Sur le segment des matières premières, les prix du brut WTI ont légèrement reculé après cette publication. Le contrat est passé d’un plus haut intrajournalier à 93,50 dollars à environ 92,50 dollars, traduisant un léger reflux de la prime de risque immédiate, même si le contexte géopolitique global demeure tendu.
Réaction des prix à court terme et perspectives de volatilité
Nous observons aujourd’hui, 8 juin 2026, un léger repli des cours du pétrole après cet appel à une pause. Toutefois, nous estimons qu’il s’agit d’une réaction temporaire, les propos iraniens évoquant une préparation à une guerre longue suggérant que le cœur du conflit reste irrésolu. Cela crée un environnement de forte incertitude pour les prochaines semaines.
L’essentiel, selon nous, n’est pas la faible baisse des prix, mais la hausse attendue de la volatilité.
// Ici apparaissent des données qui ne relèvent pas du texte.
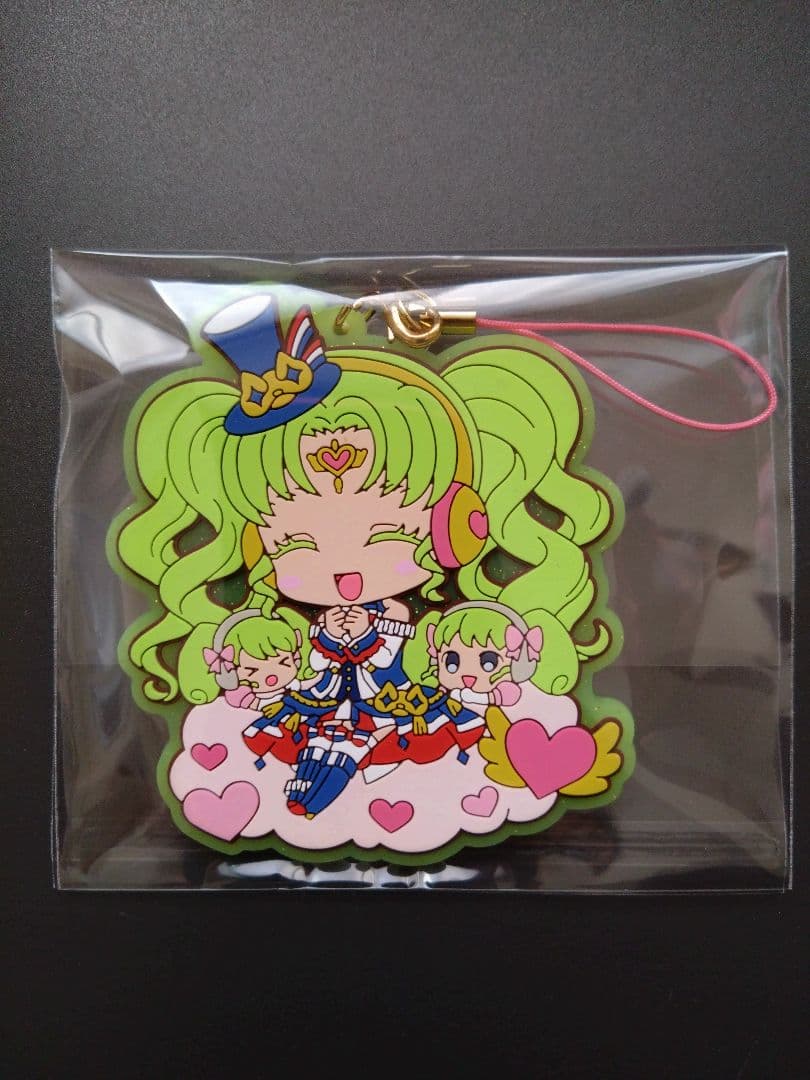 プリパラ 新品未使用 希少品】ファルル キーホルダー アクスタ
L’indice de volatilité du pétrole brut du CBOE (OVX) a déjà gagné plus de 15 % sur le mois écoulé, à proximité de 55, et nous anticipons qu’il restera élevé. Il convient de privilégier des stratégies profitant de mouvements brusques, comme l’achat de straddles ou de strangles sur les futures pétroliers.
Implications de marché et positionnement du risque
Cette tension ne se limite pas aux marchés de l’énergie, le VIX se maintenant au-dessus de 22, signe d’une anxiété généralisée des investisseurs. Nous anticipons une surperformance des secteurs défensifs ; des options de vente (puts) sur des indices larges comme le S&P 500 pourraient donc constituer des couvertures utiles. Historiquement, les conflits prolongés au Moyen-Orient, comme la crise pétrolière de 1973, ont souvent conduit à des ralentissements économiques plus larges, que le marché commence à intégrer dans les prix.
Nous surveillons de près le trafic de pétroliers dans le détroit d’Ormuz : toute perturbation y constituerait un catalyseur majeur d’un nouveau pic des cours. Avec le dernier rapport de l’EIA faisant état d’une baisse surprise de 2,1 millions de barils des stocks américains de brut, l’offre est déjà contrainte. Cette tension fondamentale implique que toute escalade aurait un effet amplifié, rendant attractives les options d’achat (calls) longues sur le WTI ou le Brent, malgré la forte volatilité.
Compte tenu des titres contradictoires, nous nous positionnons pour un marché qui réagit vivement aux nouvelles plutôt qu’aux fondamentaux à court terme. Notre approche consiste à rester agile, en recourant aux options pour borner le risque, tout en se préparant à un potentiel mouvement des prix nettement au-delà de 100 dollars le baril si la désescalade échoue. Nous évitons de prendre un pari directionnel marqué sur le sous-jacent, en nous concentrant plutôt sur l’ampleur du mouvement potentiel.